Reproduce, exactly and in full, only the lines below from the one containing "G42 Mirror Headphones" through the one containing "2018 Mercedes-Benz Sprinter - $19,995".
___ RAW DATA
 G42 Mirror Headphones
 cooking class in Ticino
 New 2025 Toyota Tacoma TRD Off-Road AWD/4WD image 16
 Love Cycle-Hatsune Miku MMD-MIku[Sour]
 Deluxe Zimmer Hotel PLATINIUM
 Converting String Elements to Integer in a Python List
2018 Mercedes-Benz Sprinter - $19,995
______
___ RAW DATA
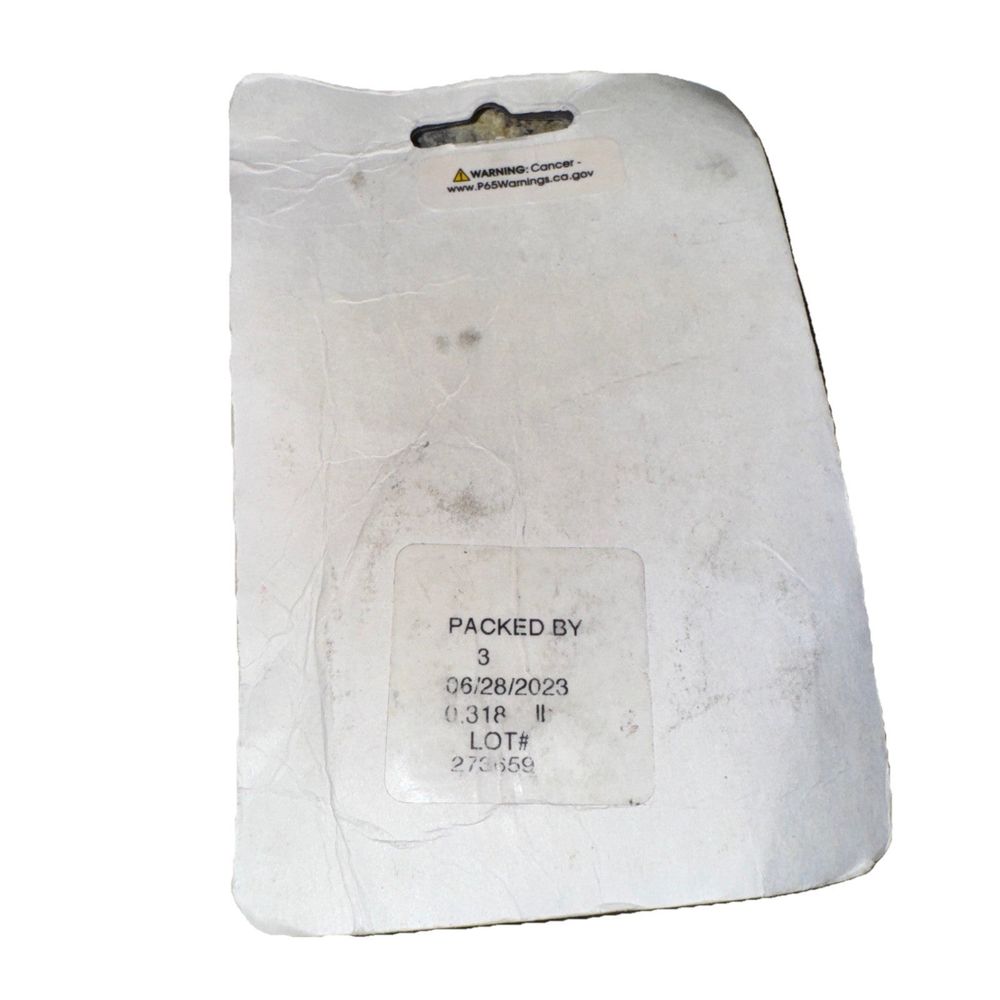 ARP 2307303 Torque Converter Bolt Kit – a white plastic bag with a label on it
______
■ TASK RESULT ■
 G42 Mirror Headphones
 cooking class in Ticino
 New 2025 Toyota Tacoma TRD Off-Road AWD/4WD image 16
 Love Cycle-Hatsune Miku MMD-MIku[Sour]
 Deluxe Zimmer Hotel PLATINIUM
 Converting String Elements to Integer in a Python List
2018 Mercedes-Benz Sprinter - $19,995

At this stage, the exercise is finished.